__WORK REQUIRED__
The task calls for an exact retyping of the lines from the one holding "2017 Bmw 330e 3-Series photo 1" through the end of the listing, with pictures omitted and nothing added.

__DATA SHOWN__

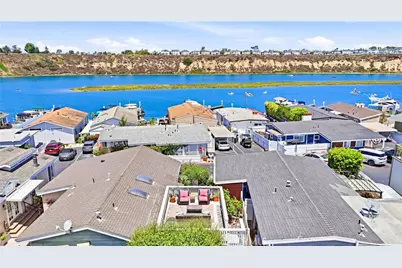 53 Saratoga, Newport Beach, CA 92660 - Photo 33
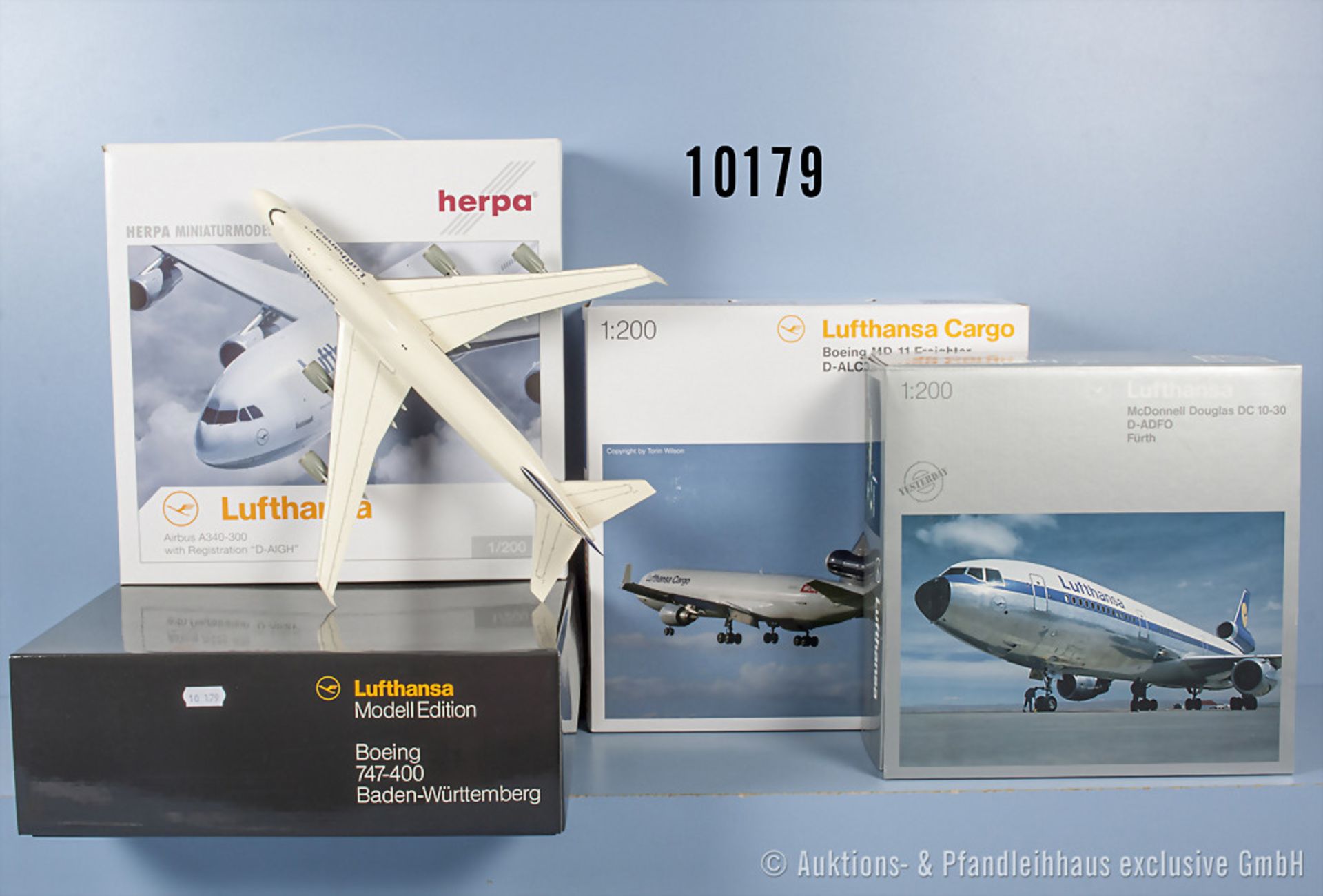 Konv. 4 Modellflugzeuge der Lufthansa, Fertigmodelle, M 1:200, dabei Lufthansa Modell Edition Boeing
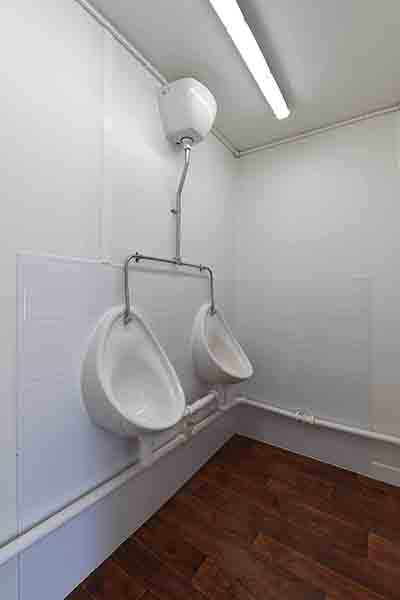 inside a 2+1 toilet block urinals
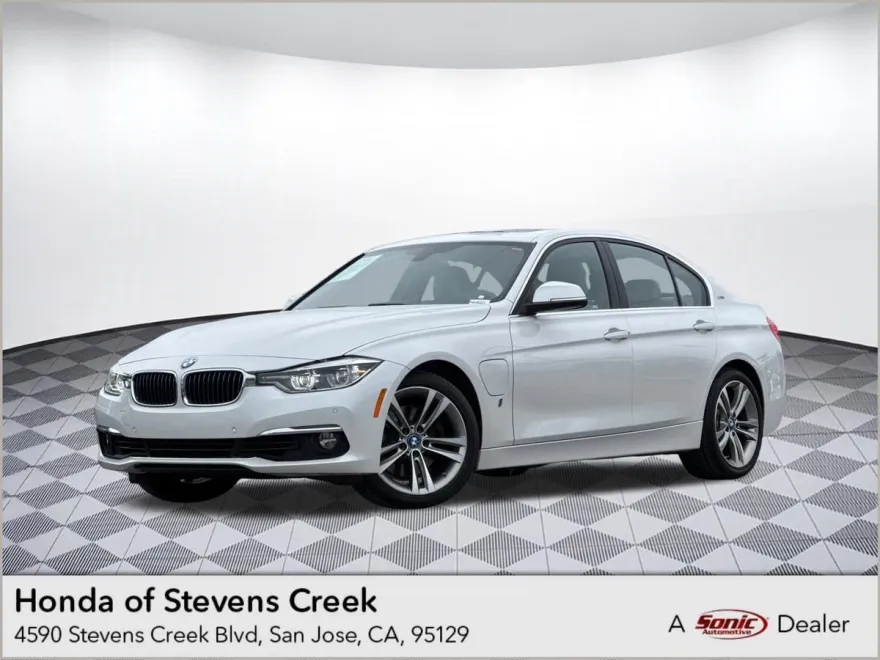 2017 Bmw 330e 3-Series photo 1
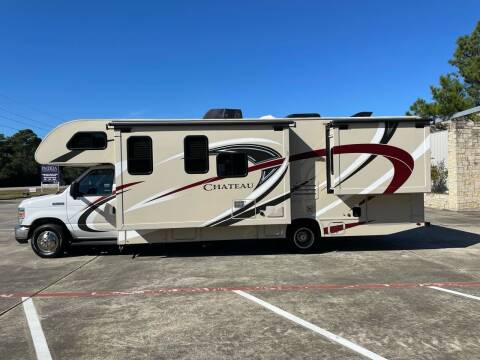 2018 Thor Chateau 29g, Outside Kitchen for sale at Top Choice RV in Spring TX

__OUTPUT FOR THIS EXERCISE__
 2017 Bmw 330e 3-Series photo 1
 2018 Thor Chateau 29g, Outside Kitchen for sale at Top Choice RV in Spring TX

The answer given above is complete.